LAGRANGE – The American Legion Auxiliary has named high school senior Joshua Clayton the winner of the ALA National Poppy Poster Contest and the ALA essay contest.
The ALA National Poppy Poster Contest gives kids in local communities the chance to show their support for U.S. military veterans, both those who have died and those still living. Children in grades 2-12 show off their artistic abilities and their creativity through posters showcasing the flower of the ALA: a bright red poppy.
Clayton’s poster features a woman in a white dress standing over a grave marker. She holds her face in her hands and weeps for the loss of her loved one. A small vase of red poppies sits on the side of the grave. Other poppies swirl around the right side of the poster and the phrase “Understand Freedom Has a Price” is written on the left. The marble pattern on the grave marker is made of hundreds of tiny dots, an art form called pointillism.
Clayton’s mother Natalie’s grandfather served in World War II, but the Claytons don’t have much personal connection to the military outside of that.
“He’s just always been really patriotic,” Natalie Clayton said about her son. “It’s just another way for him to provide a community service.”
Joshua Clayton has participated in the National Poppy Poster Competition since he was in sixth grade. His posters have won at the district level almost every year since. Now that Clayton has graduated high school and is attending Eastern Wyoming College in Torrington, he no longer qualified to participate in the contest.
The ALA has also awarded Clayton with a scholarship for his winning essay in which he sat down with retired Sgt. John Rinehart. Rinehart laid out in detail the story of his service in the Air Force, including the draft that pulled him into the military at 18 years old.
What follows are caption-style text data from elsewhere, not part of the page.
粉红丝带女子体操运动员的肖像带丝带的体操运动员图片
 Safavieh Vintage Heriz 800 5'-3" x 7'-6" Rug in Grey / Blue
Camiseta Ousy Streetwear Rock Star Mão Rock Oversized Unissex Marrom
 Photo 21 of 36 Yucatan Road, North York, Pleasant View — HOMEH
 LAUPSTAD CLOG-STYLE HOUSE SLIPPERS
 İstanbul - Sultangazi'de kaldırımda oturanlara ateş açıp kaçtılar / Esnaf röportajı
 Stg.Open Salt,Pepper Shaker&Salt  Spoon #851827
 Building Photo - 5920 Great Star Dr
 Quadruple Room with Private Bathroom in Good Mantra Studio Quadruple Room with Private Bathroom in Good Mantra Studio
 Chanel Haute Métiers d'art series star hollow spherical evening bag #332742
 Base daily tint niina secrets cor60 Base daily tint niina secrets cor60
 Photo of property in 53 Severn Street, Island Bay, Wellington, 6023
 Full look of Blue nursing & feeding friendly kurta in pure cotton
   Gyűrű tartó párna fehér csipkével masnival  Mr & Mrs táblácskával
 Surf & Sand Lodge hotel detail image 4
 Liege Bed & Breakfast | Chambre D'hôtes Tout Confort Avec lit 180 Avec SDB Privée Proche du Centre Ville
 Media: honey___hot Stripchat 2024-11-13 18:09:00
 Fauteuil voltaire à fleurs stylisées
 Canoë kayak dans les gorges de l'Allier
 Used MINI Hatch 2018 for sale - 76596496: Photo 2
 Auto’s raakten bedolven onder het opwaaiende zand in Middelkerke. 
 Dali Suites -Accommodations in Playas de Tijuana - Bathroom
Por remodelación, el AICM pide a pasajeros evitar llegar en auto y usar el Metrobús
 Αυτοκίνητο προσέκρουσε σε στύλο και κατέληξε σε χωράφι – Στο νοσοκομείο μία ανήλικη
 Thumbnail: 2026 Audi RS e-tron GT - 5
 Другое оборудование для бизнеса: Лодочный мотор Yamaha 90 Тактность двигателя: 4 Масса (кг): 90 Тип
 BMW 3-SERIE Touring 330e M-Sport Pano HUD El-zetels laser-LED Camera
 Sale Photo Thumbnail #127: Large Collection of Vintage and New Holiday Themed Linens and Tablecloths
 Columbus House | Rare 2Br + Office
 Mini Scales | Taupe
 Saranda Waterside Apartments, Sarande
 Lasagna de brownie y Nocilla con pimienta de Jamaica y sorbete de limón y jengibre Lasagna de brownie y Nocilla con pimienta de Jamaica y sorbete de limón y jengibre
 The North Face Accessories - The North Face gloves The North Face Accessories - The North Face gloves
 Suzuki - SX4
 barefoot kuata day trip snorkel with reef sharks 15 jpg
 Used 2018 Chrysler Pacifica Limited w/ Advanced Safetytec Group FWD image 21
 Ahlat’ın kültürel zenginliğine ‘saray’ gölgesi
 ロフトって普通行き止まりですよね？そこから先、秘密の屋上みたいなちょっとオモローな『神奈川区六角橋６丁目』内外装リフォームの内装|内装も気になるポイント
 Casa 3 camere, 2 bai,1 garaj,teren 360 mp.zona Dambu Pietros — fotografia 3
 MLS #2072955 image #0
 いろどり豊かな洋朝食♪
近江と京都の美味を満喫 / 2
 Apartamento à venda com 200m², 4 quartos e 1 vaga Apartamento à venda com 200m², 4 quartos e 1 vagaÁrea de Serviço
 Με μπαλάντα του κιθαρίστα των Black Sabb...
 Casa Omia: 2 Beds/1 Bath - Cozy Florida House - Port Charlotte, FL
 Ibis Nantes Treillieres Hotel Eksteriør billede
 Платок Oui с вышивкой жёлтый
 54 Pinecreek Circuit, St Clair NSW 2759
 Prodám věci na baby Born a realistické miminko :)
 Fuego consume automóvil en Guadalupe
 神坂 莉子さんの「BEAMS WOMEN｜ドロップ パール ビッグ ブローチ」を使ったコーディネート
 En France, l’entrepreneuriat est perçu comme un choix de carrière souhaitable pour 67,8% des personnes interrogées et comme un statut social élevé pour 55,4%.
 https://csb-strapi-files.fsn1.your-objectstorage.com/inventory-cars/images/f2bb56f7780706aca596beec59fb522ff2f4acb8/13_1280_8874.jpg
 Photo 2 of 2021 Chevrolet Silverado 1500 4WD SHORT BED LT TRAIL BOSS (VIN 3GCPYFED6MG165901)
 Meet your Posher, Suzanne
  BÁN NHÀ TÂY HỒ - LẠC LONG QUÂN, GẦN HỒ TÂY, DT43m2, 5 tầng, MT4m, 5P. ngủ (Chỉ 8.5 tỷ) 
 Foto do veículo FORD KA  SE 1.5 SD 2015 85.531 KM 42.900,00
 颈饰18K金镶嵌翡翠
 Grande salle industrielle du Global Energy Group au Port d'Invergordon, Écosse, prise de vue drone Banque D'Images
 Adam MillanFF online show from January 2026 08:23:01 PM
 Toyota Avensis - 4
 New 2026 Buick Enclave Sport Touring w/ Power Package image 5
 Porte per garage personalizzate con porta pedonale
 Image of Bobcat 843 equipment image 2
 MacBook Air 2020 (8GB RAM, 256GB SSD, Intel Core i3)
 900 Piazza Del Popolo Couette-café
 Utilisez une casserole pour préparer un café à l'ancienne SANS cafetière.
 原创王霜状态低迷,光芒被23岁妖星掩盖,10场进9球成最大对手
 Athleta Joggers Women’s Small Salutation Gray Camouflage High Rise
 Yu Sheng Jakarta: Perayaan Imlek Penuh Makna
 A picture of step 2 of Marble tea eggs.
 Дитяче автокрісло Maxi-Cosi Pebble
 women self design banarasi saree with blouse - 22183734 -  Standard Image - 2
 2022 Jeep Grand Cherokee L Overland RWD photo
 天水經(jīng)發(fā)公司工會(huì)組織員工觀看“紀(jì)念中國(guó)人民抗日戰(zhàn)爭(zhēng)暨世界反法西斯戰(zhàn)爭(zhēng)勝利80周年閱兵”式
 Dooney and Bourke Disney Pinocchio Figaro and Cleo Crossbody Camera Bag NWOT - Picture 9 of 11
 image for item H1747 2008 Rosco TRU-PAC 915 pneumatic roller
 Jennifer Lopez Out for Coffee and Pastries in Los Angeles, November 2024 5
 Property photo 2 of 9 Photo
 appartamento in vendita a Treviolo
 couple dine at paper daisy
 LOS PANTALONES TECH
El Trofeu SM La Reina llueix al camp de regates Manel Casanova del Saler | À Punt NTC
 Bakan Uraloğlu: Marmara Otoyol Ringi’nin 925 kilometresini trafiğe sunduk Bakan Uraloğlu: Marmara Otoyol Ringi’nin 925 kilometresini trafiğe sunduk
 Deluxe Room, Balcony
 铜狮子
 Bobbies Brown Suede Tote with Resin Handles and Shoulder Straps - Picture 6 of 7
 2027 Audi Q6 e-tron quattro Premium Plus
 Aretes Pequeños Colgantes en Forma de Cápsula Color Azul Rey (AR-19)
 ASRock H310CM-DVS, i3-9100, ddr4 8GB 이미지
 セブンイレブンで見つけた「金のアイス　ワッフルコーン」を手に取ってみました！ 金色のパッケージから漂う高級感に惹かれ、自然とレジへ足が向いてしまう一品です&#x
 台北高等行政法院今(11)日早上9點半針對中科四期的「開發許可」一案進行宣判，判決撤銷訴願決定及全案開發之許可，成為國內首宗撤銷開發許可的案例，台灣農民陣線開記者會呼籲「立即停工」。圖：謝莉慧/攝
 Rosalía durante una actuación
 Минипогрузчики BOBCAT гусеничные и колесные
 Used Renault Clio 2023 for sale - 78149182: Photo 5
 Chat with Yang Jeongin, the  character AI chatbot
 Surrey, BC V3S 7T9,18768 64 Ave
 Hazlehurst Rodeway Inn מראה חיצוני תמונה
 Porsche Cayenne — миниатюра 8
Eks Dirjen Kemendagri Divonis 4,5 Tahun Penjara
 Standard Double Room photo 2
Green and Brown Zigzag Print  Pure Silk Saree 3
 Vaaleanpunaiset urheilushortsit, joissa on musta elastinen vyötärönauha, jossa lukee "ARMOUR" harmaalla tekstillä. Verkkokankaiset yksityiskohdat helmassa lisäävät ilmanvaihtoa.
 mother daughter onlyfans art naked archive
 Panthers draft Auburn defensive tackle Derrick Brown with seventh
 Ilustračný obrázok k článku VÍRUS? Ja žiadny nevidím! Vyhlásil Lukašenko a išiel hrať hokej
Clayton notes that he “learned more than [he] thought possible” from his interview with Rinehart.
Clayton submitted his work for both competitions through the local John A. McGill unit of the ALA. Those looking for more information on how to join the poster contest can refer to their own local unit.
In 1919, Congress chartered The American Legion, a national nonprofit focused on providing assistance to veterans returning home from World War I, helping them reintegrate into their hometowns and still maintain the webs of support they had found in their time with the military. Soon after, a group of their wives, sisters and daughters formed the American Legion Auxiliary, working hand-in-hand with The American Legion to provide relief to veterans and their families.
Since then, the ALA has grown to involve more than 8,000 local communities and organizes education programs for local schools, send-off and welcome home events for military units and efforts to get health services to homeless veterans. The ALA has given more than $1 million in scholarships to kids like Joshua. The poppy became an official symbol of the organization on Sept. 27, 1920.
After World War I, poppies flourished all across France and Belgium. Scientists believe the lime from the rubble left after the war’s destruction provided the nutrients necessary for these poppies to grow. In John McCrae’s 1915 poem “In Flanders Fields,” McCrae details the poppies blooming and larks flying high in the sky even as war rages on the ground during the battle of Belgium’s Ypres Salient. McCrae wrote this poem shortly after losing a close friend in the war. In the last few lines, McCrae urges the reader to continue to carry the torch of freedom and to remember that the fallen do not sleep even as the poppies continue to grow over them.
Every year on Veterans Day, Memorial Day and National Poppy Day (the Friday before Memorial Day), veterans involved with the ALA hand make small crepe paper poppies as part of their therapeutic rehabilitation. Volunteers hand out these small flowers to passersby, asking for donations in return. The funds raised from the handmade poppies go to programs providing food and other essentials to military families.